#### Exercise prompt
Beginning with the line that holds "Sofia online show from 11/27/25, 11:56" and ending with the last line, please repeat the entries exactly and omit the pictures.

────

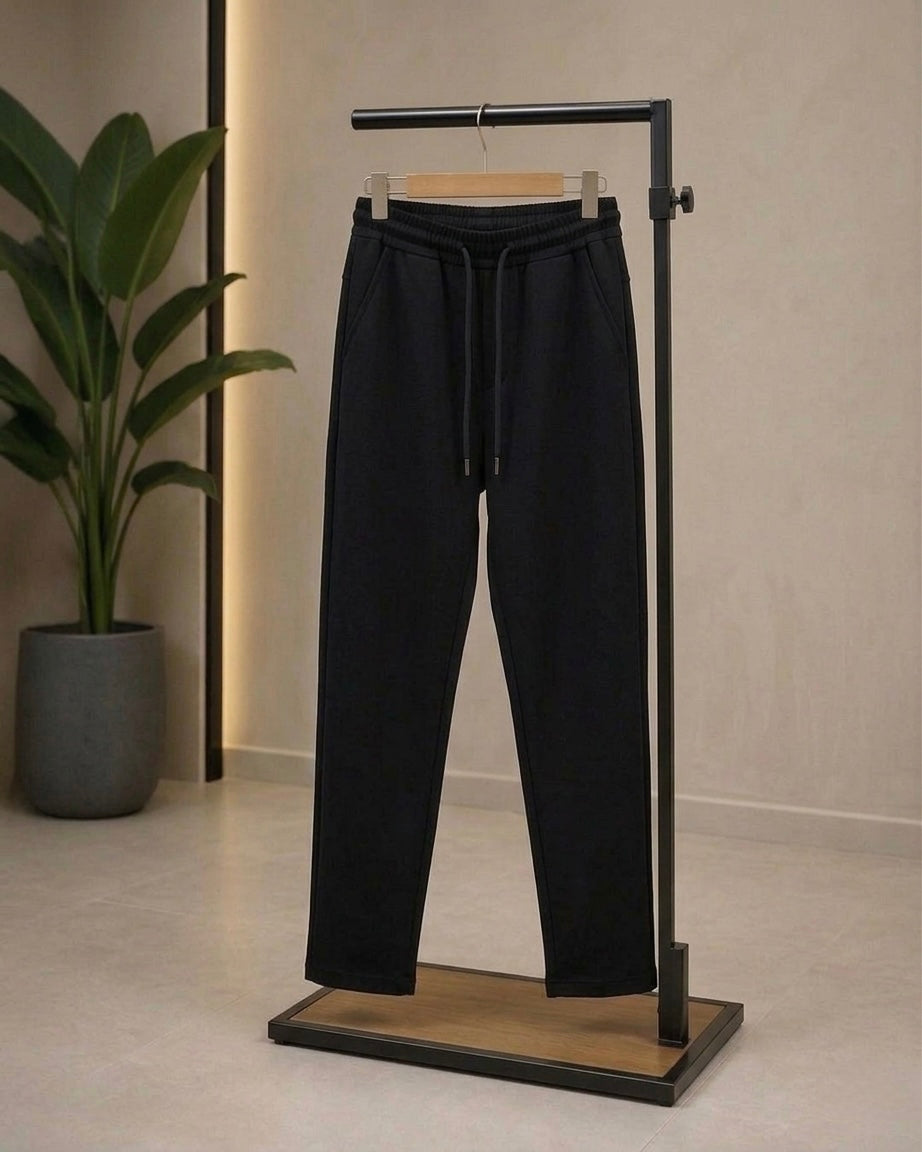 BASIC REGULAR FIT BLACK PANTS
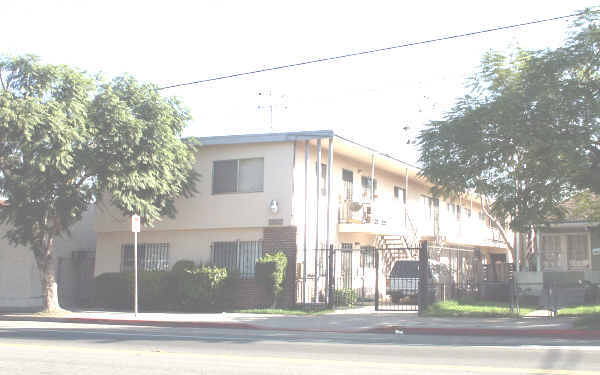 6508 Orange Ave in Long Beach, CA - Foto de edificio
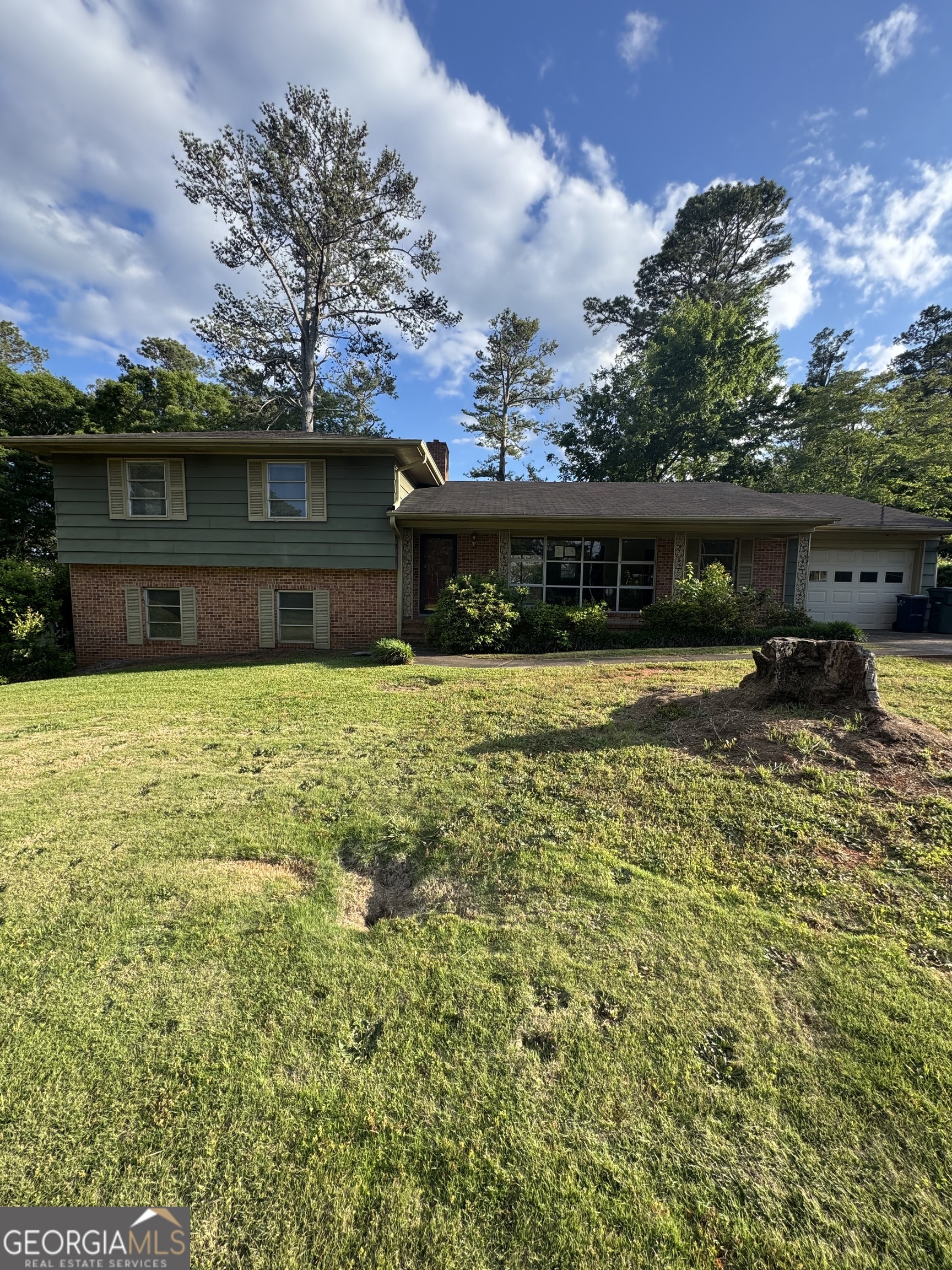 202 Hillandale Drive Property Photo 1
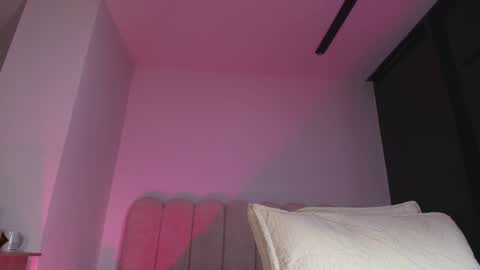 Sofia online show from 11/27/25, 11:56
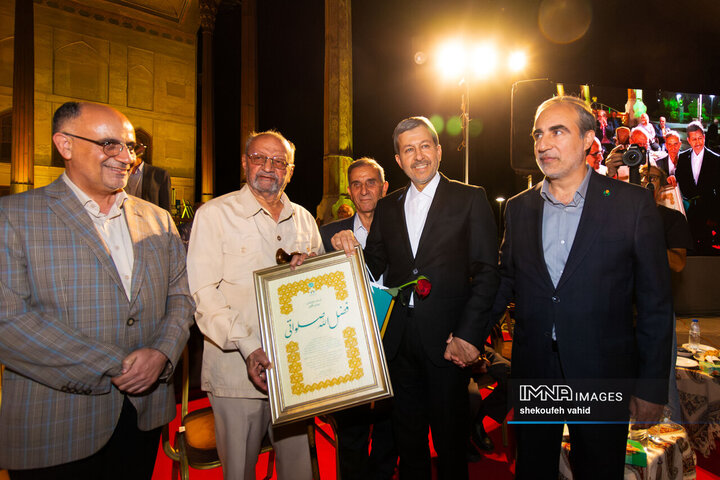 آیین نکوداشت نامداران فرهنگ و هنر اصفهان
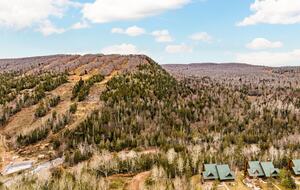 North Shore Escape with Moose Mountain Views - Lutsen, Minnesota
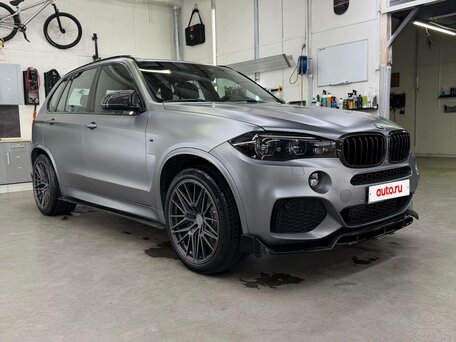 2017 BMW X5 40d III (F15), серый, 5000000 рублей, вид 4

────

#### Answer box
 Sofia online show from 11/27/25, 11:56
 آیین نکوداشت نامداران فرهنگ و هنر اصفهان
 North Shore Escape with Moose Mountain Views - Lutsen, Minnesota
 2017 BMW X5 40d III (F15), серый, 5000000 рублей, вид 4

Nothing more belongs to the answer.